The records below are to be retyped in full. Keep every word.

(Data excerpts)

*** Begin section ***

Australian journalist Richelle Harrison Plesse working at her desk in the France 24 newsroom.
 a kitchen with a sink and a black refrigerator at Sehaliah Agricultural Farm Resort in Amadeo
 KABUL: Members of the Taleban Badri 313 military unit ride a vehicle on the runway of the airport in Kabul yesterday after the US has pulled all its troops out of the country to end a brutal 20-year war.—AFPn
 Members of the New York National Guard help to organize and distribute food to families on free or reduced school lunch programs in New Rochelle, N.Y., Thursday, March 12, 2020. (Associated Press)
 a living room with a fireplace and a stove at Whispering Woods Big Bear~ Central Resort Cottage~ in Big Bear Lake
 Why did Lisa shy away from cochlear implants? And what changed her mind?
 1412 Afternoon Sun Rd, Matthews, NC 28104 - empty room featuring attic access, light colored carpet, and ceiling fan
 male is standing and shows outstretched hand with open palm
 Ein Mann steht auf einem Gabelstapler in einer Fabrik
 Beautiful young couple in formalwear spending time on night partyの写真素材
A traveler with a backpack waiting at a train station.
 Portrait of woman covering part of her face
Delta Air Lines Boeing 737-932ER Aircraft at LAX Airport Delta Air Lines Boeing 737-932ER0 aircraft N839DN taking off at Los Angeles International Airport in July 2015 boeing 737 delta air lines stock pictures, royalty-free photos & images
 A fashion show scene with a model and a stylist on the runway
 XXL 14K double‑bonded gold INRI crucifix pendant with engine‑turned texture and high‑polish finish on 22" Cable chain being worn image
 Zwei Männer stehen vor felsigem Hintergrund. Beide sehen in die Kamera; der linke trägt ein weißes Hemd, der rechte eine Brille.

*** End section ***

_Your response_
Australian journalist Richelle Harrison Plesse working at her desk in the France 24 newsroom.
 a kitchen with a sink and a black refrigerator at Sehaliah Agricultural Farm Resort in Amadeo
 KABUL: Members of the Taleban Badri 313 military unit ride a vehicle on the runway of the airport in Kabul yesterday after the US has pulled all its troops out of the country to end a brutal 20-year war.—AFPn
 Members of the New York National Guard help to organize and distribute food to families on free or reduced school lunch programs in New Rochelle, N.Y., Thursday, March 12, 2020. (Associated Press)
 a living room with a fireplace and a stove at Whispering Woods Big Bear~ Central Resort Cottage~ in Big Bear Lake
 Why did Lisa shy away from cochlear implants? And what changed her mind?
 1412 Afternoon Sun Rd, Matthews, NC 28104 - empty room featuring attic access, light colored carpet, and ceiling fan
 male is standing and shows outstretched hand with open palm
 Ein Mann steht auf einem Gabelstapler in einer Fabrik
 Beautiful young couple in formalwear spending time on night partyの写真素材
A traveler with a backpack waiting at a train station.
 Portrait of woman covering part of her face
Delta Air Lines Boeing 737-932ER Aircraft at LAX Airport Delta Air Lines Boeing 737-932ER0 aircraft N839DN taking off at Los Angeles International Airport in July 2015 boeing 737 delta air lines stock pictures, royalty-free photos & images
 A fashion show scene with a model and a stylist on the runway
 XXL 14K double‑bonded gold INRI crucifix pendant with engine‑turned texture and high‑polish finish on 22" Cable chain being worn image
 Zwei Männer stehen vor felsigem Hintergrund. Beide sehen in die Kamera; der linke trägt ein weißes Hemd, der rechte eine Brille.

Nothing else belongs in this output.